The variance of HPR is given by: $$\text{Var} \left[ HPR_{\tau}^{(D)}\right] =\frac{\sigma ^2}{a^2 \, \tau^2} \left[ \tau e^{-2aD} + B_{\tau}\left( \frac{1 + e^{-a \tau}}{2} - 2 e^{-aD}\right) \right] \tag {88}$$
The figure below shows the expected return graphs for two duration values, $D = 1$ and $D = 3$. The excess return is calculated as the difference between the expected return and the initial instantaneous forward rate.

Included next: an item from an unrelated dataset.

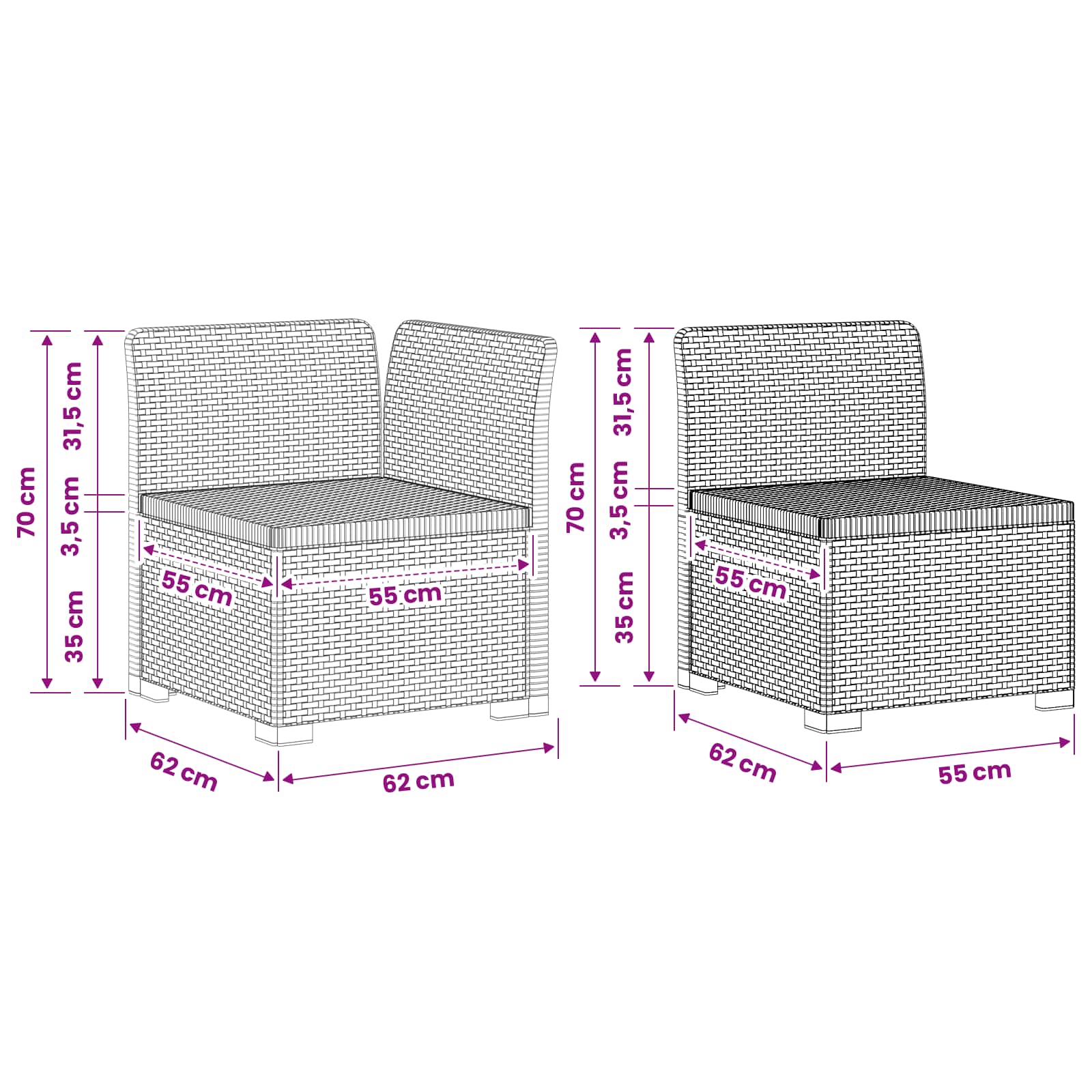 vidaXL 3-Zits Tuin Sofa Rattan Look PP Antraciet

The Vasicek yield process (where a flat yield is assumed) and the Vasicek short rate model share several common features. In the Vasicek short rate model, if $aD$ exceeds a certain threshold, the volatility of the holding period return (HPR) decreases monotonically with an increasing investment horizon, without a local minimum. In both models, HPR volatility diminishes over time, approaching zero for sufficiently long horizons, although the rate of this decay differs between the two processes.

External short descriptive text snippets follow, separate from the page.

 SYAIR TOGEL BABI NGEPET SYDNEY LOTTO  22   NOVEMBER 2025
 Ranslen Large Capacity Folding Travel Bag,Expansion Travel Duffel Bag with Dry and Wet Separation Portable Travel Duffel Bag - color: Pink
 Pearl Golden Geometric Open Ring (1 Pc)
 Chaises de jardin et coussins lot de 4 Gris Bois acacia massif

However, for the same value of the scaled horizon, HPR volatility in the Vasicek short rate model decreases as the duration increases. This reflects the fact that the influence of the short rate on long-term yields weakens with longer durations — long-term yields are inherently less volatile than the short rate itself.
In the Vasicek short rate model, the expected return converges more slowly to the initial instantaneous forward rate than in the Merton model, where this occurs over a horizon equal to twice the portfolio’s duration. This slower convergence becomes particularly pronounced as the parameters $a$ and $D$ increase, as illustrated in the figure below.
At the same time, the analysis shows that in this model, for certain parameter ratios, the expected return converges to the initial yield over a horizon significantly shorter than twice the duration. For example, the figure below illustrates the expected time to recover the initial yield when the current yield curve has a positive slope.
Appendix
Let us first make a brief note. Given the well-behaved nature of the yield processes under consideration (where flat yield curve assumed), the expected HPR can be directly computed from equation (6) across all cases: $$\mathbb E [HPR_{\tau}] = \frac {1}{\tau} \int_0^{\tau} \mathbb E [y_s] ds - \frac{D}{\tau}(\mathbb E [y_{\tau}] - y_0).$$ Because the expected yield in the discussed models is well-known, finding the expected return is straightforward. However, for the sake of logical consistency, we will first derive expressions for the HPR in sections (A) - (C), and then determine its expected value and variance.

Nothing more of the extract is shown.